The New York Times won three prizes: one for investigative reporting, one for international reporting and one for feature photography by freelancer Daniel Berehulka.

The Los Angeles Times took out two awards: one in feature writing, and one in criticism.

However, it was a local newspaper that received the most attention. The South Carolina-based Charleston Post and Courier won the public service prize for its investigative series on rampant domestic violence in the local area, “Till Death Do Us Part.”

The Post and Courier is a family-owned newspaper and has a circulation of around 85,000. It was the paper’s first Pulitzer in 90 years.

 

The Atlantic redesigned as ‘real-time magazine’

US magazine The Atlantic has redesigned its website to make it visually stronger and appear more like a magazine.

The new design features significantly larger images and cleaner, more modern typefaces.

TheAtlantic.com editor JJ Gould said in an editorial column the decision to revamp the site was based on a question over the purpose the site was serving: Is it the website of a magazine? Is it a news site?

“The answers … are all in one way or another, yes. But we figured we’d try a thought experiment: What if we described The Atlantic.com as a direct, dynamic, digital extension of our core identity in journalism – as a real-time magazine?”

The homepage is modular so editors can move sections around the page depending, to respond to big breaking news or to highlight a particular long-form feature.

“What you won’t find, we hope, is the impression of diminishing importance as you scroll down,” Mr Gould wrote.

The redesign was done entirely in-house.

 

Members of freelancer coalition almost triple

Dozens more news organisations have signed up to guidelines to improve the safety of freelance reporters, released in February.

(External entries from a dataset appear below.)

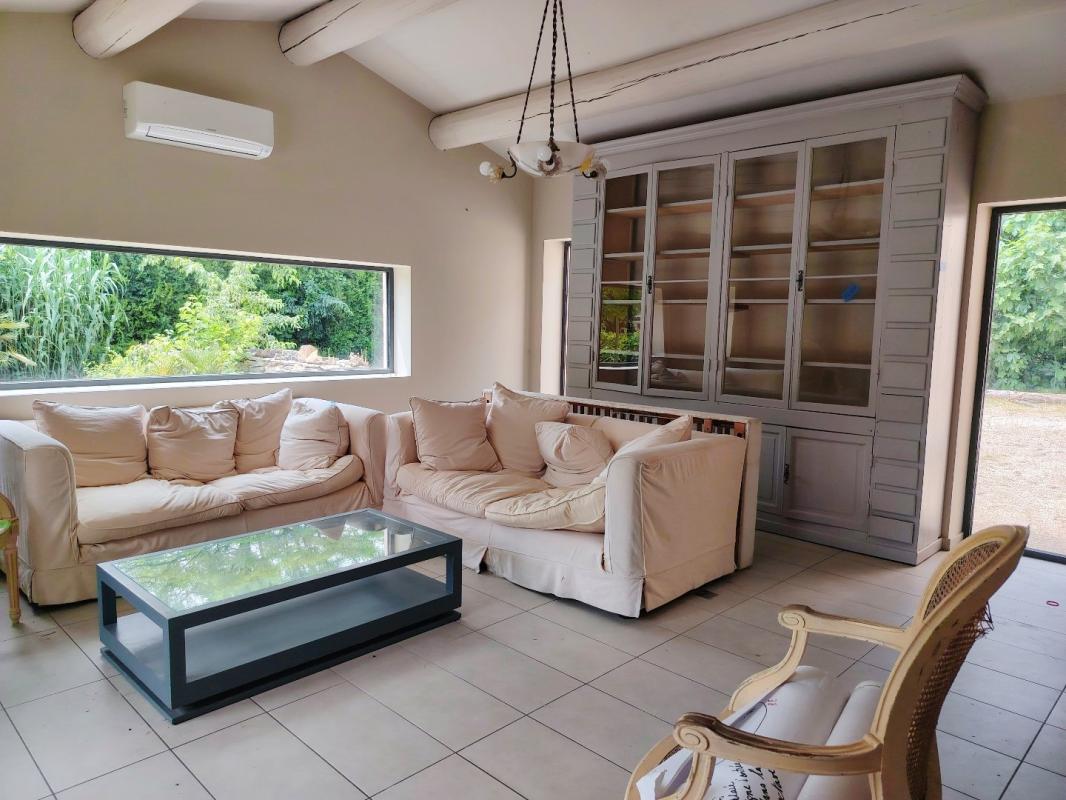 4 bedroom maison individuelle in Carpentras, Vaucluse, France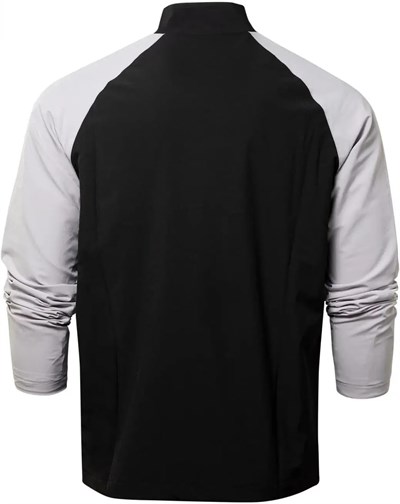 New Balance Erkek Performans Sweatshirt - TST2210-BK 164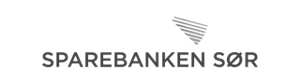 Sparebanken Sør Logo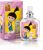 Jequiti Desodorante Colônia Agnes Meu Malvado 4 – Perfume Unissex 25ml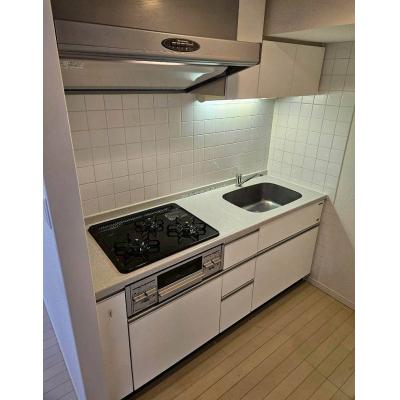 OneLife代田橋コミュニティー【▼室内見学可（※空室状況により、応相談）、《1DKの広々空間！》】の物件写真4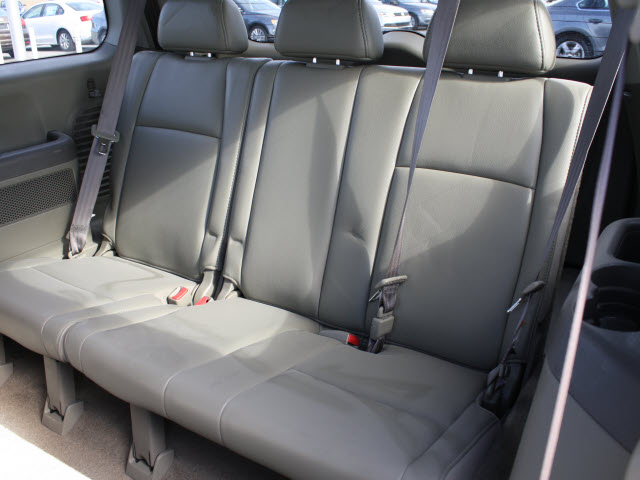 Honda Pilot 2007 photo 4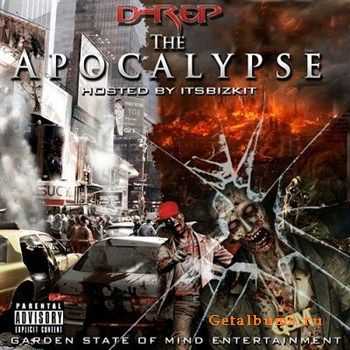 D-Rep - The Apocalypse (2012) D-Rep - The Apocalypse (2012)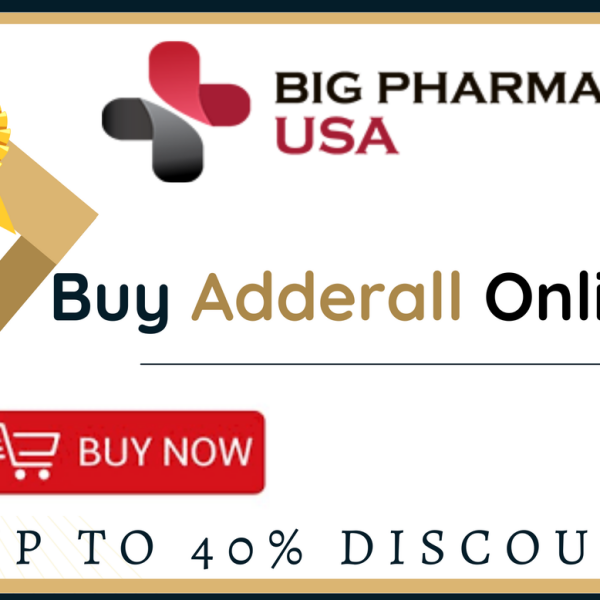 How To Buy Adderall Without A Prescription Overnight In Us?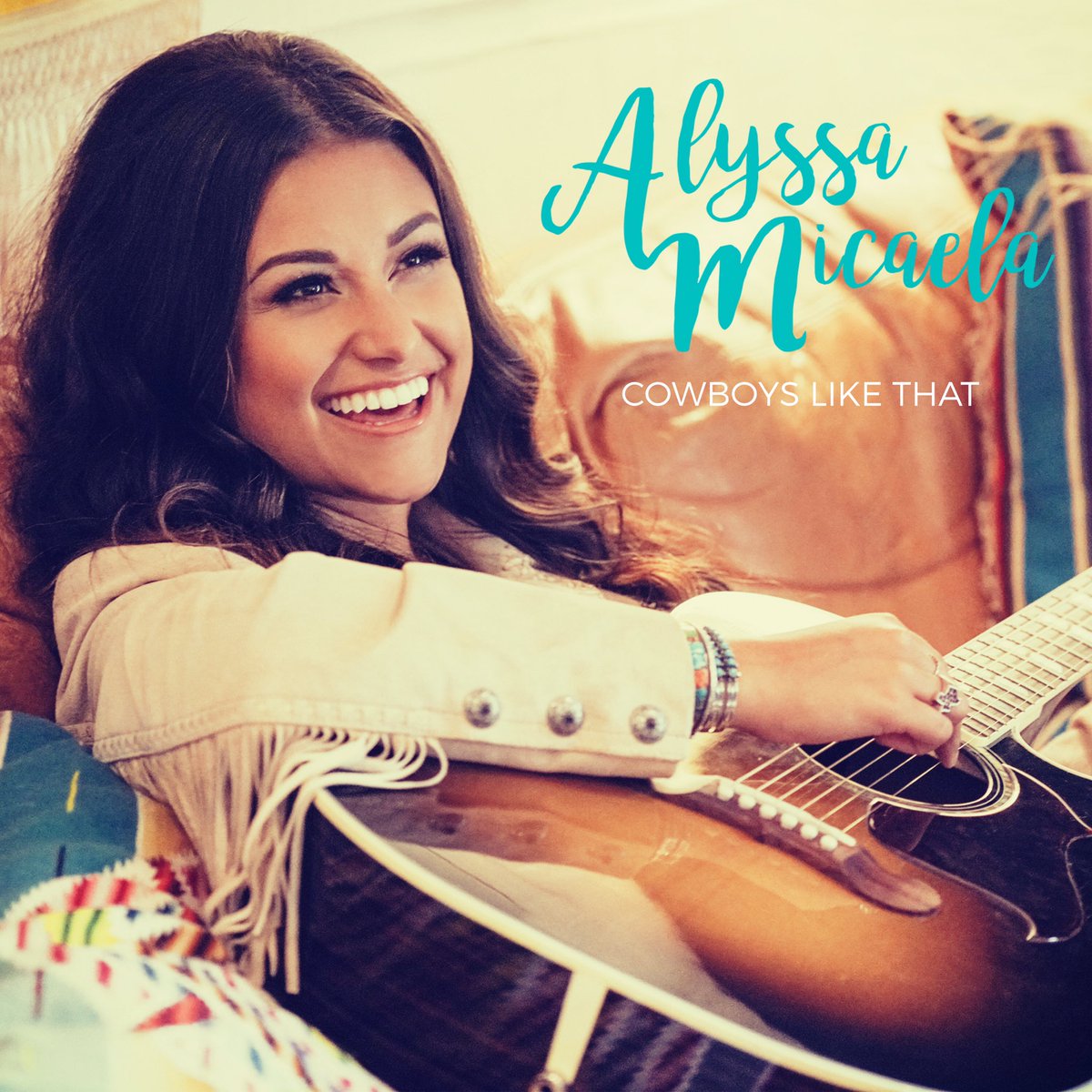 amicaelamusic's tweet photo. It's finally here!!! 😍🎶 So excited to announce that my new EP, Cowboys Like That will be available March 10th! #cowboyslikethat https://t.co/titOLIYKJL
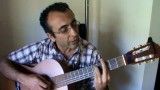 تو را نگاه می کنم ابی گیتار ایرانی To Ra Negah Mikonam Ebi Persian Guitar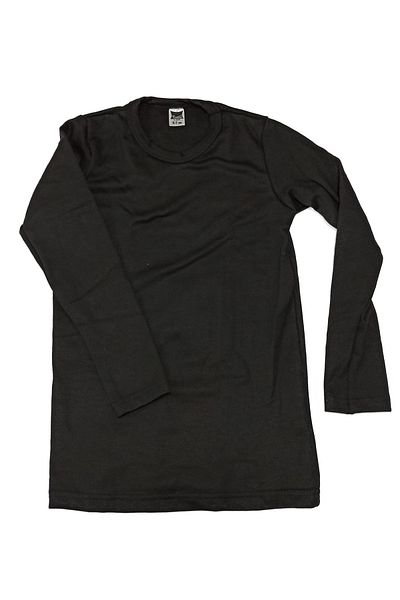 Tutku 0136 Cămașă de corp cu mânecă lungă, pentru copii, unisex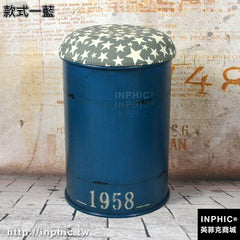 INPHIC-(四色) 沙發矮凳 椅凳 腳椅 單人椅凳 布款沙發 造型椅凳 腳椅 妝凳【CARRIE】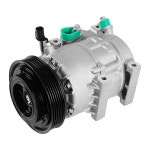1229073 Autodevil AC Compressor Fit for Optima 2 4L 2 7L Azera 2 7L 3 8L 2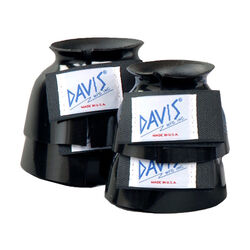 Davis Draft and Mini Bell Boots
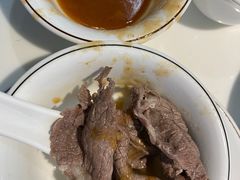 -潮发潮汕牛肉店(龙洞店)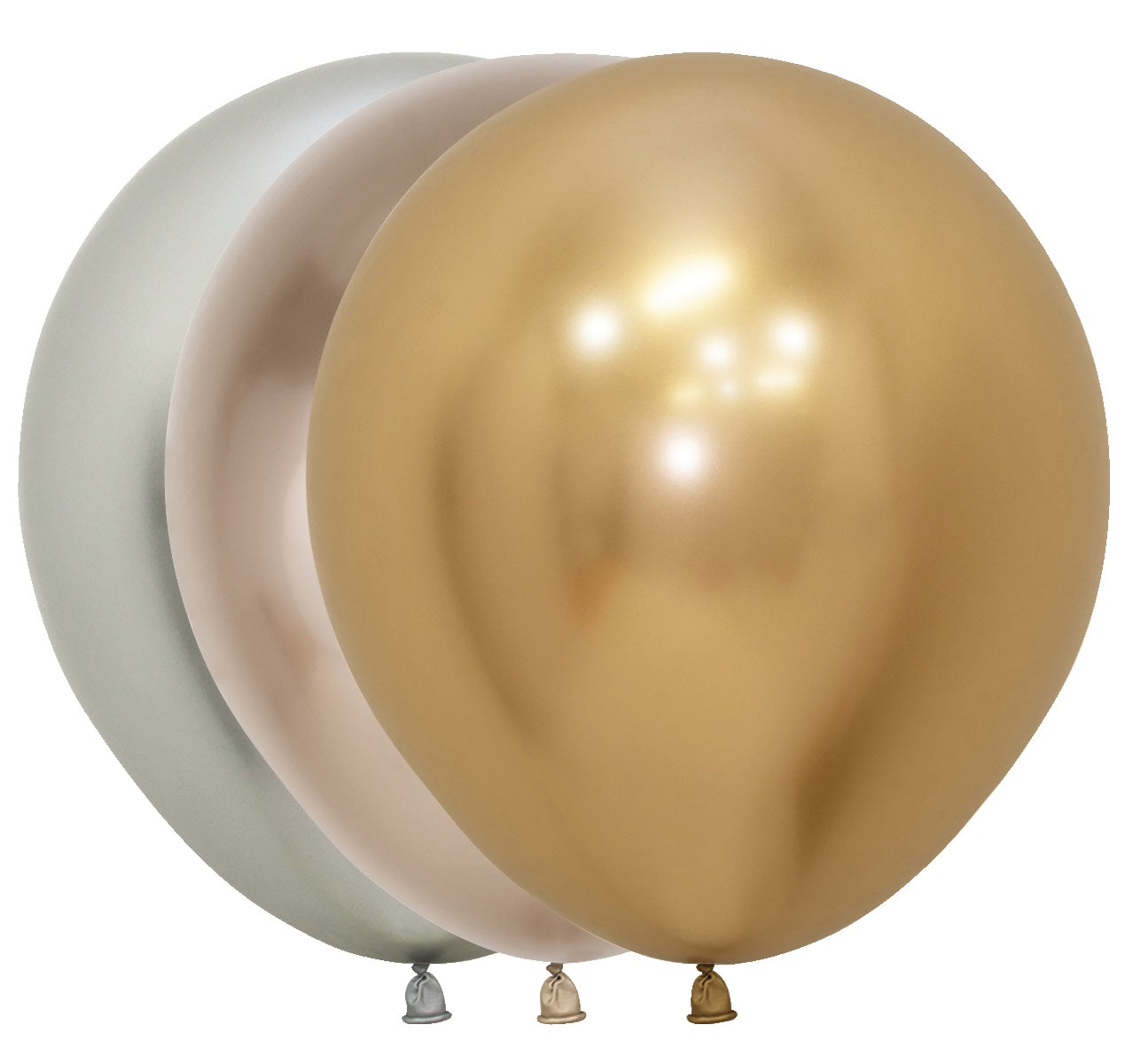 betallic-reflex-latexballon-11-gold-25-st-ck image 6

Early adopters AP, AFP, the BBC and The Guardian have been joined by Bloomberg, Mashable and USA Today, among others.

The guidelines recommend freelancers learn first aid and wear protective clothing, while news organisations are urged to treat freelancers no differently to full-time staffers and help them in cases of kidnap or injury.

There are now a total of 60 signatories from groups across the world – including Iraq, Belarus, the Philippines and Kazakhstan.

However, a number of high-profile organisations like The New York Times, The Washington Post and major US television networks have not signed up.

Reuters reporter David Rohde, who helped draft the guidelines, told media news site Poynter that as long as the guidelines had raised awareness of the issue at those outlets then they had done their job.